Alternatives you have considered

  1. Another way to approach this would be to tap into the Place (or TokenPlace) and PlaceWord field in the new SBCorpus csv files. Toggling the "w" between "Text" and "Word" would switch between showing only tokens that have a non-zero integer value only for Place vs. those that have a value (also) for PlaceWord. This has the added benefit the it will directly determine which display column (vizCol) a word should be drawn in.

Additional context See also #185.

terrydubois commented 5 years ago

Words now hide themselves properly, however there is still the issue of alignment. This will be a pretty complex alignment issue to tackle because of the amount of annoying edge cases that exist (i.e. adding punctuation to a Rez-chain and then pressing W, or building a chain where each word is in front of punctuation and then pressing W). Rezonator currently only aligns chains and analyzes stretches at specific moments to reduce Race-to-Infinities, so we may need to include W presses as a time to refresh alignment.
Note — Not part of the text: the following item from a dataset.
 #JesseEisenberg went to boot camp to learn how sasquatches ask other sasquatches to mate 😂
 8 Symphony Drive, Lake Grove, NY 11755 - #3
While these alignment bugs persist with ghost words, there are no known crashes involved.

johnwdubois commented 4 years ago

With the current SB Corpus data, the best way to address this is when "Kind" is NOT equal to "Word" or "EndNote". (See #558 )

johnwdubois commented 4 years ago

Terry's detailed comment above shows that ghost words create issues for alignment, which still need to be addressed.